EDITORIAL: Somalia president Hassan Sheikh learns lessons on US trip


EDITORIAL - Just how can Somalis assess President Hassan Sheikh Mohamud’s trip to the US this month? There have been debates on social media, about whether the President embarrassed the country or just used the available resources to pursue the foreign policy of the country.

We think the trip has been successful so far. But we also think it exposed gaps that his administration must work on just now.

The trip to the US was meant to be part of a wider agenda including offering the President a chance to explain counter-terrorism policy and seek assistance or explain it to doubters in the US.

He met with Secretary Antony Blinken where they discussed the fight against al-Shabaab, including Somalia’s assurances that US troops are welcome. Of course, there were also issues of good governance and human rights, but also the most crucial issue of saving communities from the biting drought.
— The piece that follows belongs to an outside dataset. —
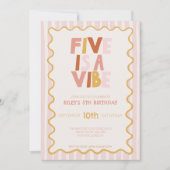 Invitation d'anniversaire 5 ans Five Is a Vibe Pas (Devant)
The President also met with other senior US government officials including Jake Sullivan, National Security Advisor to the President and Lloyd J Austin, the Defence Secretary with whom they discussed “views on the security outlook for the Horn of Africa in light of climate shocks, humanitarian issues, conflict, and the threat of violent extremism,” according to a Pentagon dispatch.

In all these meetings, the US seemingly affirmed continued support to ensure Somalia’s security is ultimately in the hands of Somalis.

But there were other issues too. On Friday, he spoke with the Somali community on local politics including the future of Somaliland. And according to President Mohamud, Mogadishu has been going slow on diplomatic aggression against Somaliland only as long as it does not seek secession or harm the unity of Somalia.

This is important because Somali leaders have generally swept the Somaliland issue under the carpet, seeking to wait it out and possibly pass the buck to the next leader. We said on this platform earlier that the Somaliland issue should be a priority for the leadership that succeeded Mohamed Farmaajo’s presidency.

There is no reason President Mohamud should not be explaining his stand and proposal on a matter that has plagued Somalia’s unity for 30 years.

This is not to say Mohamud’s trip to the US, his first since reelection is blameless. Critics have argued the President’s failure to meet with either President Joe Biden or his Vice President Kamala Harris, was a downgrade on the stature of Somalia.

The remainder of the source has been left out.